Tuesday 3 December 2013

Leaders and Legacies - New Website


A new website with an interesting premise promises to bring us some stories on former prime ministers and governor generals (or is that governors general, I always forget). Roderick Benns of Fireside Publishing has started the site and it is now up and running here.

There are several stories up there now including one on Paul Martin's aboriginal aboriginal youth entrepreneurship program, an interview with Michael Meighen, the Senator and grandson of former prime minister Arthur Meighen.

And then I have a slightly longer piece on Arthur Meighen that I titled 'The Unlucky Prime Minister'. If you're looking for a primer on the King-Byng dispute, and a fresh take to boot, in less than 1700 words, this is it. And hey, who doesn't want that?!

Thursday 28 November 2013

A Sneak Peak at the New Museum of Civilization


The renaming and rejigging of the Museum of Civilization in Ottawa has managed to offend many  in Canadian history circles over the last year. Many are sceptical about the reasons it is being changed to the Canadian Museum of History.

Even former director Victor Rabinovitch spoke out publicly about the change. He linked it to what he called "'the Harper-Kenney vision of Canada as a land of victorious armed forces, brawny resource extractors and compliant monarchists.”

Today the Ottawa Citizen has a story from Don Butler giving us a first sneak peak into the main hall of Canadian history. See the story here for all of the details.

According to David Morrison, head of the museum's team putting together the hall, the main themes to be addressed are aboriginals and their relations with European settlers, French-English relations, and immigration.
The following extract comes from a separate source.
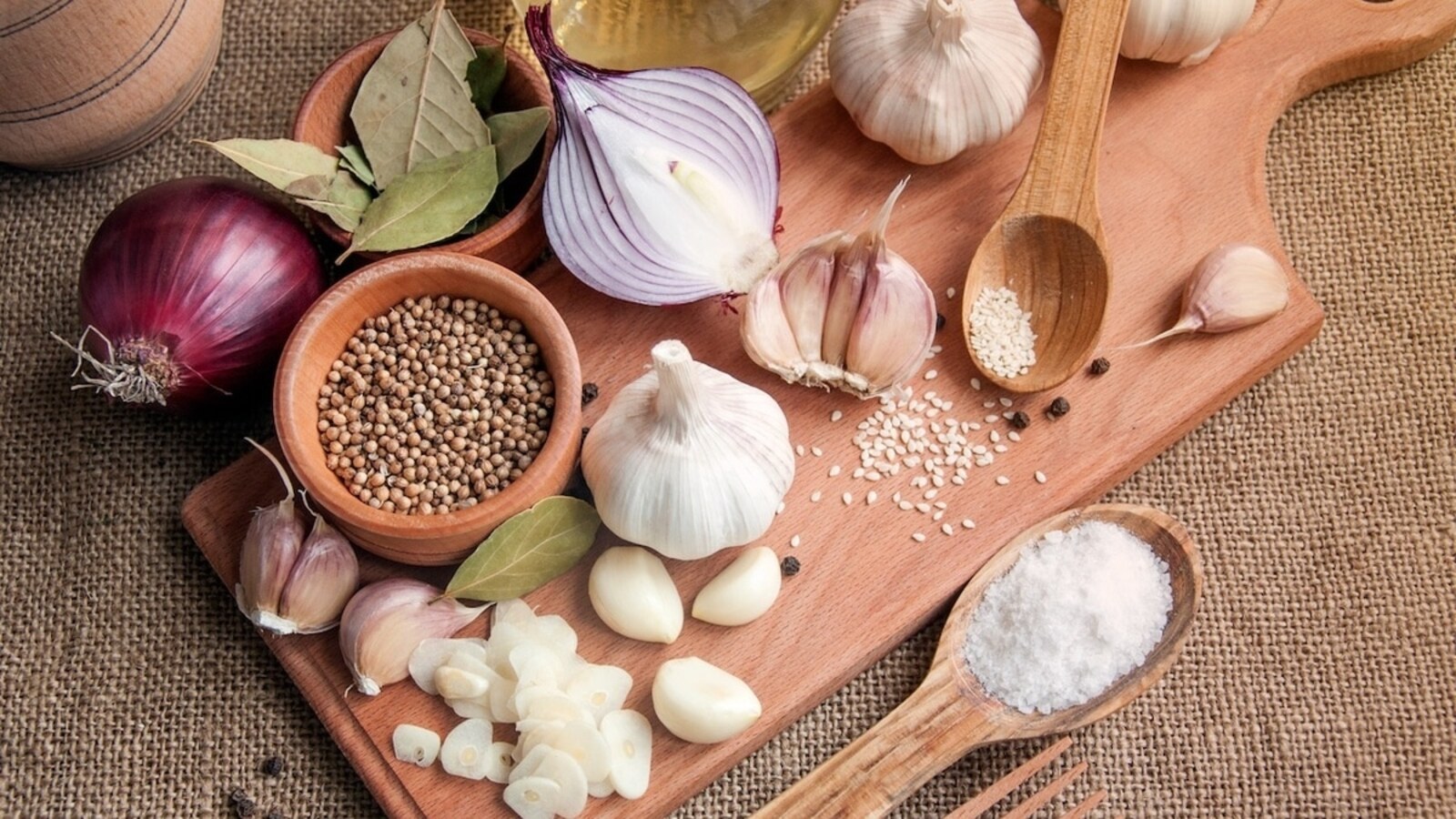 В какие супы не надо добавлять лавровый лист и чеснок? Шеф-повар предостерег от ошибок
He talks of how “There is a sort of a backbone to the hall of political history, but most of the real content is the consequences of political history...What did this mean to ordinary people?”

The story says that '[t]he history hall exhibit will include events that make most Canadians squirm today, such as residential schools, the imprisonment of Ukrainian Canadians during the First World War, anti-potlatch laws and the forced relocation of Japanese Canadians during the Second World War.' 

We won't know what it will actually look like for a while. I'm sure some will be critical no matter what. But honestly the framework, on the surface, seems ho-hum, as expected. No conspiracy. No massive exclusion. Just the kind of Canadian history you would teach in a general survey.  

We'll see.

Wednesday 27 November 2013

Patriotism for the Wealthy

Source: Library and Archives Canada

Arthur Meighen's descendants are in the news today, and probably not happily so. CBC is reporting about a lawsuit that pitted different family members against each other from 2008 to 2011. It all had to do with the money in the Arthur Meighen Trust.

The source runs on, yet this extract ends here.